#### Exercise directions:
Set the listing down again in full, word for word, with the pictures left out.

#### Information supplied:
★ ★ ★

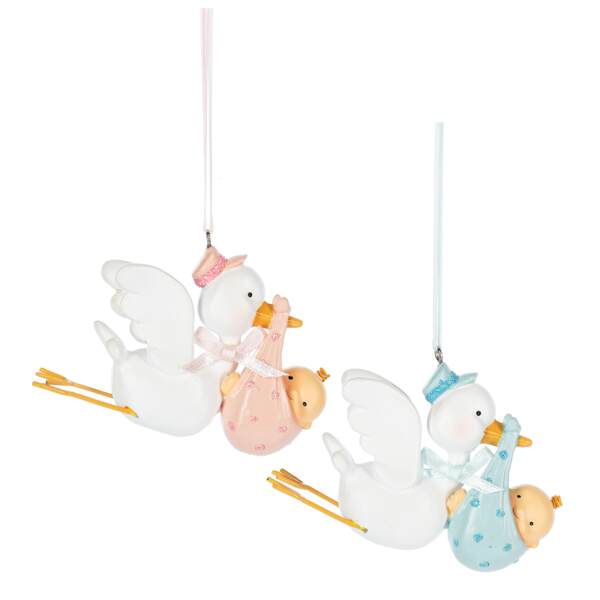 Item 260880 Babys First Christmas Stork And Baby Ornament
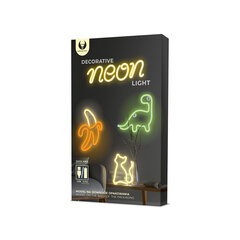 Neon LED Light BANANA white yellow Bat + USB FLNE10 Forever Light цена и информация | Настенные светильники | kaup24.ee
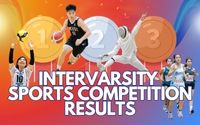 Intervarsity Sports Competition Results on 8 & 9 NOV 2025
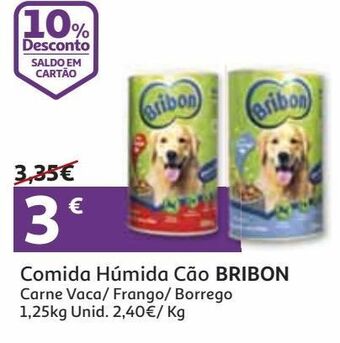 Auchan Comida húmida cão bribon promoção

★ ★ ★

#### Solution to the exercise:
 Item 260880 Babys First Christmas Stork And Baby Ornament
 Neon LED Light BANANA white yellow Bat + USB FLNE10 Forever Light цена и информация | Настенные светильники | kaup24.ee
 Intervarsity Sports Competition Results on 8 & 9 NOV 2025
 Auchan Comida húmida cão bribon promoção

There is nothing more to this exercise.